Extraire du pétrole est une activité caractérisée par l'auto-épuisement et le pic pétrolier une épée de Damoclès qui pèse autant sur les exportateurs que les importateurs. On pourrait résumer la problématique de la façon suivante : une baignoire qui se vide de plus en plus vite demandant sans cesse à être remplie. Il faut rajouter de l'eau, d'abord pour la maintenir à niveau, et plus encore pour répondre aux nouveaux besoins. Il faut sans cesse prospecter pour trouver de nouveaux gisements, non seulement pour maintenir la production mais aussi pour répondre à une hausse de consommation.
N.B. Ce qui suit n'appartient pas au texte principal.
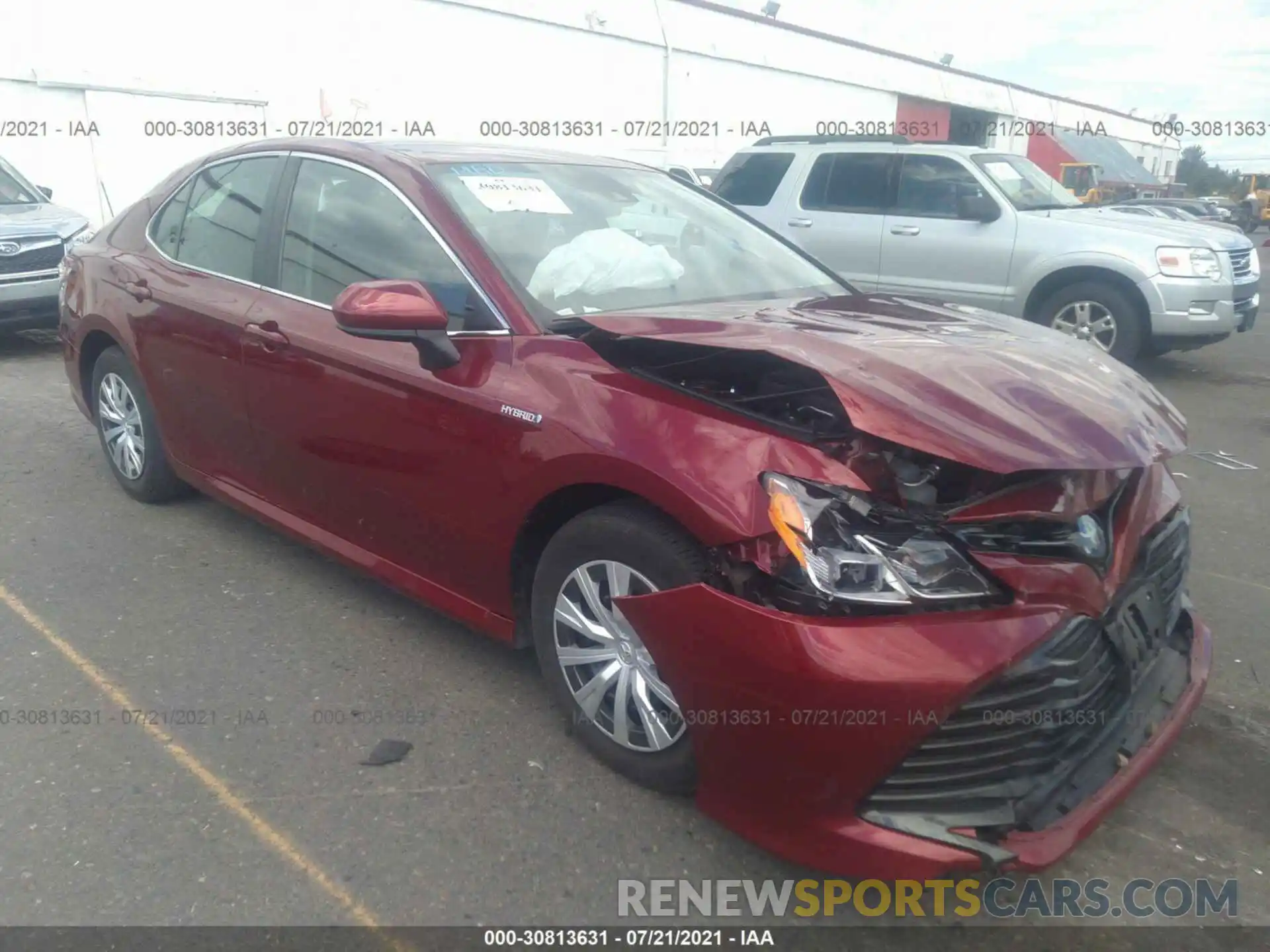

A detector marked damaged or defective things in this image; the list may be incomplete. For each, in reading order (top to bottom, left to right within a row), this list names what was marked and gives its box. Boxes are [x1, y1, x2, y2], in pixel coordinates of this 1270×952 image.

La question du pic pétrolier a agité les passions pendant de nombreuses décennies, bien avant 1972 et le Club de Rome pour les pays exportateurs, avant que l'euphorie provoquée par le boom des pétroles non-conventionnels (ce qu'on appelle grossièrement les schistes mais qui n'en sont qu'une partie) ne la range au placard. Parallèlement à cela, alors que depuis une dizaine d'années, le monde est littéralement inondé par ces nouveaux gisements, la question déjà ancienne du réchauffement climatique se faisait de plus en plus pressante. Finalement, tout le monde s'accordait à dire que le problème n'était pas tant de manquer de pétrole, mais au contraire, la façon dont nous allions devoir nous restreindre. Un problème de riche, un problème d'abondance.L'enjeu des années à venir allait être de laisser sous terre ce carbone, c'est-à-dire de ne pas exploiter ces nouveaux gisements. Il y avait trop de pétrole, ou en tout cas suffisamment pour nous amener à des températures de +8°C ou +15°C.
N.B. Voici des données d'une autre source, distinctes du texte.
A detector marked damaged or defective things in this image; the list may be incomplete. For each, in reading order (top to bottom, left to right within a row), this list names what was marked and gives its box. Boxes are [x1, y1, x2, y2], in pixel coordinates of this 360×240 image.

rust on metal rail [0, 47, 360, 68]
Le think tank français The Shift Project propose une analyse tout autre. À partir d'une base de donnée des plus importantes au monde élaborée par Rystad Energy, ils arrivent à une toute autre conclusion. Une conclusion qui n'est pas incompatible avec le réchauffement : Si les politiques climatiques échouaient à nous sevrer de notre addiction, nous serions probablement rattrapés par la question de la pénurie.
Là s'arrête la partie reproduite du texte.